Taoiseach Leo Varadkar was among hundreds of participants, who were led by the archbishop in a procession from the Wellington monument to the Papal Cross.
During his reflection, Dr Martin highlighted the “many groupings who were misjudged and suffered in institutions which were founded to provide the vulnerable with care”.
He recalled the words of Pope Francis delivered at the beginning of his Mass the Papal Cross site last August: “We ask forgiveness for the cases of abuse in Ireland, the abuse of power, the abuse of conscience and sexual abuse on the part of representatives of the Church.
“In a special way, we ask forgiveness for all those abuses that took place in different kinds of institutions directed by men and women religious and other members of the Church. We also ask forgiveness for cases in which many minors were exploited for their labour,” he said.
“We ask forgiveness for some members of the hierarchy who took no responsibility for these painful situations and kept silent.
“We ask forgiveness for those children who were taken away from their mothers and for all those times when so many single mothers who tried to find their children that had been taken away, or those children who tried to find their mothers, were told that this was a mortal sin. “It is not a mortal sin; it is the fourth commandment.”
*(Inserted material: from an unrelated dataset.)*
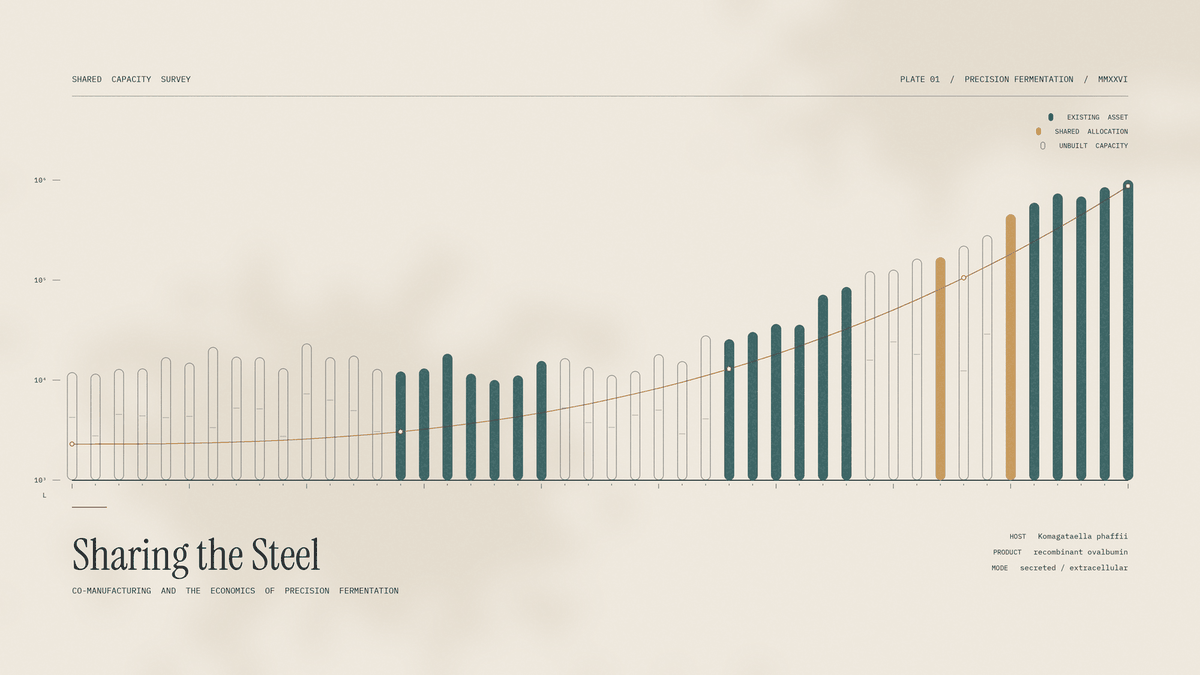 Abstract chart on aged paper showing rows of bioreactor vessel shapes of increasing height, some filled solid to represent existing manufacturing capacity and others left as outlines, with a rising curve tracing growth in demand.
In Limerick city, a ‘Way of the Cross’ procession through the city streets was led by Church of Ireland Primate Archbishop Richard Clarke, Catholic Bishop of Limerick Brendan Leahy and Church of Ireland Bishop of Limerick Kenneth Kearon.
It began at St Mary’s Church of Ireland Cathedral with a stop for prayers at Arthur’s Quay where youth mental health service Jigsaw is based, and at Poor Man’s Kilkee in recognition of the work of the Samaritans.
Included on the route was the Bedford Row Family Project, which engages with families of prisoners; Thomas Street, where the dead were remember; Br Russell House at Gerald Griffin Street, in recognition of work for the homeless and St John’s Hospital to honour the sick.
The route concluded at St John’s Catholic Cathedral.
Bishop Leahy said the fact “that we are linking our two cathedrals is very pertinent in a week in which the world has been shocked by the fire at Notre Dame”.
“It is one of the great cathedrals of the world but we have our own great cathedrals here and, in fact, St Mary’s Cathedral is just five years younger than Notre Dame and the oldest building in Limerick still in use today.”
Earlier this week, Bishops Leahy and Kearon wrote a joint letter of support to Archbishop of Paris Michel Christian Alain Aupetit following the fire.
Tonight in Dublin Archbishop Martin and and Church of Ireland Archbishop of Dublin Michael Jackson once again led a silent Good Friday walk through the city centre streets carrying a Taizé Cross from the Church of Ireland Christ Church Cathedral to the Catholic St Mary’s Pro-Cathedral.
The Cross represents the ecumenical monastic community of Taizé in France.